Thursday's Child: Kafka in Prague

Thursday, January 23, 2014
Artists can often be defined by the places in which they lived, and that's one of the reasons we love finding tributes to local writers and musicians when we travel. That was never more true than when we visited Prague and followed the trail of Franz Kafka.

Kafka spent most of his life living in Prague's Jewish Quarter, but it wasn't until eighty years after his death that a statue was built in his honour. That statue, shown above, features Kafka sitting on the shoulders of a headless man. It seems an appropriate tribute because, as one of the few authors to have inspired an adjective, it truly is Kafka-esque.

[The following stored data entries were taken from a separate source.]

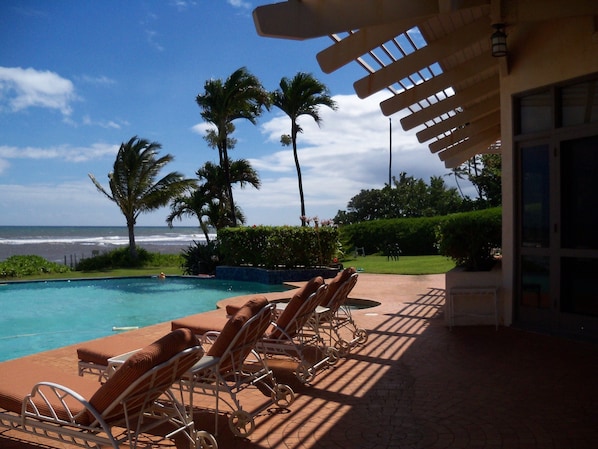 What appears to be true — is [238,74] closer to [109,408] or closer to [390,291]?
[390,291]

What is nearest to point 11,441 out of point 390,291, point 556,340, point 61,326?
point 556,340

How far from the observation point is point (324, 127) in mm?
28219

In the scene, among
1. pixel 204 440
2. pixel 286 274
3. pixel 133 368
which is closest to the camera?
pixel 133 368

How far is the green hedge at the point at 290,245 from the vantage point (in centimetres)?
1806

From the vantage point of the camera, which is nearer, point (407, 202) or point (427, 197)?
point (427, 197)

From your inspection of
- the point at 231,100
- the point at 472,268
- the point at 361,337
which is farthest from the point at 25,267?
the point at 472,268

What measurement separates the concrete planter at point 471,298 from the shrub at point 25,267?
703 inches

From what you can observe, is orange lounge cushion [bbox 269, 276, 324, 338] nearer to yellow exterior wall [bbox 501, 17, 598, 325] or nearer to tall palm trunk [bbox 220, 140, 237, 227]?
yellow exterior wall [bbox 501, 17, 598, 325]

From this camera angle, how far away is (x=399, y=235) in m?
28.7

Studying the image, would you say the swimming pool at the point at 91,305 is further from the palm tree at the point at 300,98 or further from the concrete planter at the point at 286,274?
the palm tree at the point at 300,98


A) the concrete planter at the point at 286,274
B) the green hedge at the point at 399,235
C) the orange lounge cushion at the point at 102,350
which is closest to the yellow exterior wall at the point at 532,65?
the orange lounge cushion at the point at 102,350

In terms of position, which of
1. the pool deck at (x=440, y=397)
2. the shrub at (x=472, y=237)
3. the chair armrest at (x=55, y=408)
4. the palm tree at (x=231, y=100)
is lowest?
the pool deck at (x=440, y=397)

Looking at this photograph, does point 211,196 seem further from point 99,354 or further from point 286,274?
point 99,354

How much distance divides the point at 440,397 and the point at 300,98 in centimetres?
2411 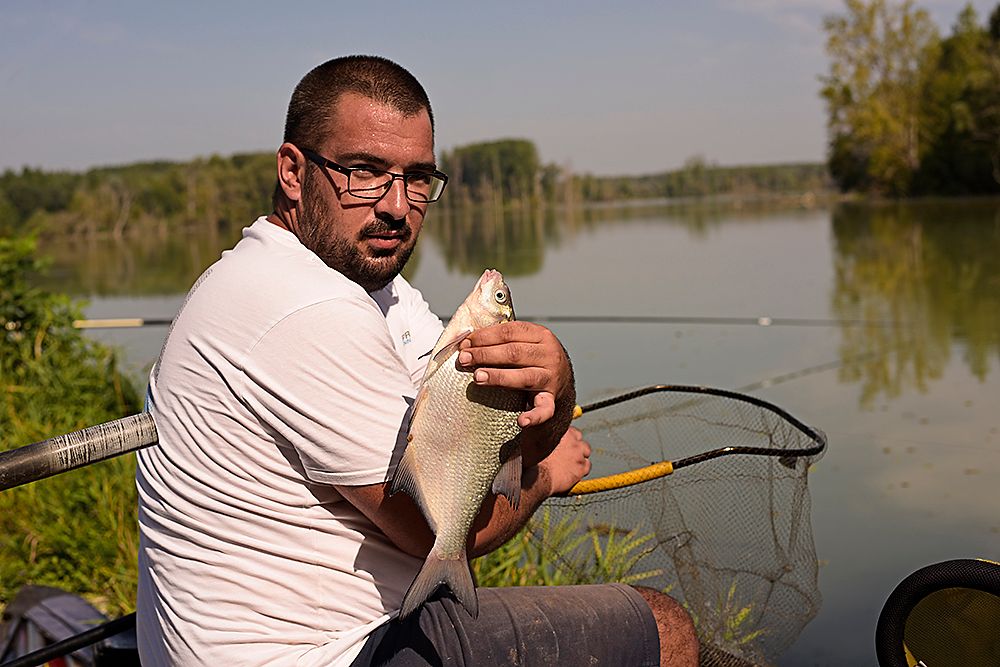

"As Gregor Samsa awoke one morning from uneasy dreams, he found himself transformed in his bed into a gigantic insect."
- Franz Kafka, The Metamorphosis

Although he lived most of his life in the aforementioned Jewish Ghetto, he lived for two years with his sister in Golden Lane. This short street of medieval buildings is next to Prague Castle, and was named for the goldsmiths that used to live near the castle.  According to legend, Emperor Rudolf II housed his alchemists here, as they searched for the Philosopher's Stone, an elixir that would grant the drinker eternal life.

Fittingly, Kafka was inspired by his time there to write the novel The Castle.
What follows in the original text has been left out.